Dopo la disfatta del referendum, su cui notoriamente la Segretaria Schlein aveva puntato molto, l’ala riformista del Partito Democratico, che fa capo a Bonaccini, lascia trapelare sempre più insistentemente la volontà di andare a un congresso per capire che direzione far prendere alla maggiore forza politica dell’opposizione.
I dissidi mai sopiti fra le varie anime del partito sono esplosi non appena le urne si sono chiuse.
L’aria di resa dei conti era palpabile fin da subito, con l’eurodeputata Pina Picierno che parla apertamente di “autogol e regalo alla destra”, e qualcuno, come la deputata Simona Malpezzi, che accusa di aver troppo politicizzato la campagna referendaria, rendendo la consultazione un plebiscito sul governo. Anche i fondatori del partito lanciano messaggi preoccupati (e in qualche modo preoccupanti) a Elly Schlein.

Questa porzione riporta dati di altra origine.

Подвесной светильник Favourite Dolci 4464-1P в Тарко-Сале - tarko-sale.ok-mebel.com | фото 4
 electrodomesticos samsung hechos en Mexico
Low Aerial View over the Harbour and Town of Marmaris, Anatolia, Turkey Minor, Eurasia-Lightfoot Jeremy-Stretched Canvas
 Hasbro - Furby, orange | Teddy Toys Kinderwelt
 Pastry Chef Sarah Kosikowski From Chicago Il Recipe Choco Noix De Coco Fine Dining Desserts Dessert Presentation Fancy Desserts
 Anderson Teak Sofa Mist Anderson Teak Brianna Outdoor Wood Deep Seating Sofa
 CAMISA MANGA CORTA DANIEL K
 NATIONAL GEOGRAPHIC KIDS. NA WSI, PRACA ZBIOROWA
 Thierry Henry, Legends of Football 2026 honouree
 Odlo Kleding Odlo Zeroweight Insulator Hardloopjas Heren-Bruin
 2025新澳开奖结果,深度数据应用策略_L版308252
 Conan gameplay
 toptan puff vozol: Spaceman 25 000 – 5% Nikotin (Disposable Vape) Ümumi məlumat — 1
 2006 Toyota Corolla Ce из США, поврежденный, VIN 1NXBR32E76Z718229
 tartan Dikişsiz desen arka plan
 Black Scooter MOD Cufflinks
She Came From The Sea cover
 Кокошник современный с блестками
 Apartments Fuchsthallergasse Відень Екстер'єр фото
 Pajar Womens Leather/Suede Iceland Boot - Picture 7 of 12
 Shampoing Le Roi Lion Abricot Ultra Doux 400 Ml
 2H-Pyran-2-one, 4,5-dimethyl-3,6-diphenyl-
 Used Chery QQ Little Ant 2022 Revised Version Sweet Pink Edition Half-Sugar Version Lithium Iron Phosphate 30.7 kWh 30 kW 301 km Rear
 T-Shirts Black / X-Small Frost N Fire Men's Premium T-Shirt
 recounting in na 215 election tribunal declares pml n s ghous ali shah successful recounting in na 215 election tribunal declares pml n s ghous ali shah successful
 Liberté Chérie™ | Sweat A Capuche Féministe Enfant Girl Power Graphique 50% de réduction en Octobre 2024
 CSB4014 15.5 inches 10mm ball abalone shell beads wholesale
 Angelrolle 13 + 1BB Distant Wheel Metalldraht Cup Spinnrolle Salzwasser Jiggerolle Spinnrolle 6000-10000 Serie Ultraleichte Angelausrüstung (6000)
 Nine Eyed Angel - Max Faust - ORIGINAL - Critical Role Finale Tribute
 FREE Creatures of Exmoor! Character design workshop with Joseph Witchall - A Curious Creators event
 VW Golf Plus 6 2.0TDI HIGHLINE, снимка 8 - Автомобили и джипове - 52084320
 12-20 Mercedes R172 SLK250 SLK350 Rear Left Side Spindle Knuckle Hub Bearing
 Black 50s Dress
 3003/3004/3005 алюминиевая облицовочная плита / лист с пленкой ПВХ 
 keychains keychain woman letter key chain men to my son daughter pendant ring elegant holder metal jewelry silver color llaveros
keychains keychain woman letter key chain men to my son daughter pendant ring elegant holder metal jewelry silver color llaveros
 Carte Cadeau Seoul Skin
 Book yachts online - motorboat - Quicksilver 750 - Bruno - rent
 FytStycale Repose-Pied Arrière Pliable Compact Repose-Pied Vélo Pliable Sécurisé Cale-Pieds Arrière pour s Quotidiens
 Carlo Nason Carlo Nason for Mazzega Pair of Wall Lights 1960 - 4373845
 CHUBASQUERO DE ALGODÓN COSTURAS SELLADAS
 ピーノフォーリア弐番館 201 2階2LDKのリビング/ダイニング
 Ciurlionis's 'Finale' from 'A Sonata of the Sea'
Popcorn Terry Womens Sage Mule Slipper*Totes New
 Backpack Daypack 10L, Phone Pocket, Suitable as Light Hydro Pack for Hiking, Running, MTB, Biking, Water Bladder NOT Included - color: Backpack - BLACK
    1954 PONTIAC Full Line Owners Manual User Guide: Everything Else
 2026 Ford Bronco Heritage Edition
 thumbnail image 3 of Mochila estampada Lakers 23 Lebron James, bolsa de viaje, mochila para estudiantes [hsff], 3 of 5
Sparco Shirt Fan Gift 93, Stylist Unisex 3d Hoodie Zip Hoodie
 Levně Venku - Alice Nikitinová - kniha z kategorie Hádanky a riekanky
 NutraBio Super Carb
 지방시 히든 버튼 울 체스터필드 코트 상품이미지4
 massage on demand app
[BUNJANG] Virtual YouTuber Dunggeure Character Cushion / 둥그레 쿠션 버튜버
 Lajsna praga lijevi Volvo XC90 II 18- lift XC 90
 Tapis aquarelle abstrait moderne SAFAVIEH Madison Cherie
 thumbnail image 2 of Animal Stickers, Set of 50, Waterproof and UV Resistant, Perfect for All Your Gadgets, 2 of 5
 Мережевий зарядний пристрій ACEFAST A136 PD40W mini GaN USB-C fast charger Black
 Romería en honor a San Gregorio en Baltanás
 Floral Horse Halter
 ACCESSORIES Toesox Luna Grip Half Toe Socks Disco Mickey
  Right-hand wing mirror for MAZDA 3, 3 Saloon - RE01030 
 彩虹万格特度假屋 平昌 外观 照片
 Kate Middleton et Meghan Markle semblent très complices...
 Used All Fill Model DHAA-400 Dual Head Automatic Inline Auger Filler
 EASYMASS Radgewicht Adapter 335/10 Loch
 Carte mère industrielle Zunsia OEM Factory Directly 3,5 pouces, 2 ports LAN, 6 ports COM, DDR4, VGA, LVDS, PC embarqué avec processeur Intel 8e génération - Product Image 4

Pierluigi Castagnetti, navigato politico della prima e seconda repubblica, affida ai social una dura riflessione e un monito: “Qualcuno dica a Schlein, anche solo privatamente, che così si va a sbattere. Posto che da quelle parti dove sembra prevalere l’arroganza ci sia ancora qualcuno interessato a tornare a vincere, per il bene del Paese e delle sue più giovani generazioni”.
Dall’altra parte della barricata però si tende a valorizzare i (pochi) risultati ottenuti. La Schlein conta i voti: 13 milioni di voti non sono sufficienti ma non sono pochi.
Un fedelissimo della segretaria, Igor Taruffi, risponde alla Picierno in un modo piuttosto brusco: “Parlare di regalo alla destra è sbagliato. Sul lavoro il Pd ha imboccato la strada giusta. Il regalo alla destra si è fatto negli anni passati quando si è rotto il rapporto con il nostro popolo”.
Di chi è la responsabilità vera della disfatta?
Il clima teso viene però stemperato dalla paura che al congresso si arrivi veramente; che la segretaria sia tentata di andare a una conta che non dia i risultati sperati dalla corrente riformista. Voci di corridoio dicono che ad oggi la mozione Schlein ha una solida maggioranza di delegati.
Vi è poi lo spinoso problema del campo largo, che sta dando buon risultati alle amministrative, pur se talvolta dimostra di traballare.
Saprebbe una nuova segreteria avere un rapporto con alleati molto diversi fra loro (AVS, M5S)? Avrebbero la tentazione, dai più definita suicida, di andare da soli, o di guardare ai centristi come Renzi e Calenda?
Francesco Boccia dimostra ottimismo per quanto riguarda l’unione di tutte, o quasi, le opposizioni, parlando di “un fronte che unito vale quanto il centrodestra”. Una forza dunque da non disperdere né sottovalutare.
Alla fine molta acqua viene gettata sul fuoco, mostrando la non volontà di non infliggere un colpo che potrebbe rivolgersi contro se stesso.
Stefano Bonaccini, eurodeputato, membro della segreteria e sicuramente uno dei punti di riferimento dell’opposizione interna a Schlein, smorza i toni. Si vocifera che la convocazione di una riunione urgente della sua area politica sia stata in tutta fretta annullata, proprio per non dare adito ad ulteriori tensioni.
Con i passare dei giorni le bocche sono cucite e molti membri del partito, anche di alto livello, si trincerano dietro al classico no comment.
“Il referendum è fallito. Non servono giri di parole. Ma ora niente resa dei conti. Serve capire davvero il messaggio degli italiani e migliorare, anche cambiando schema”, questa la dichiarazione emblematica dell’ex Sindaco di Firenze Dario Nardella, oggi deputato al Parlamento Europeo.
La parola d’ordine è dunque “riflettere, non rompere”?
Le voci dicono esattamente questo.
Almeno per ora la pace regna sovrana nel Partito Democratico.
Ribadiamo il concetto: almeno per ora.
Il conflitto è sempre pronto a ripartire, se non si trova un modus vivendi e un punto da cui rialzarsi tutti insieme.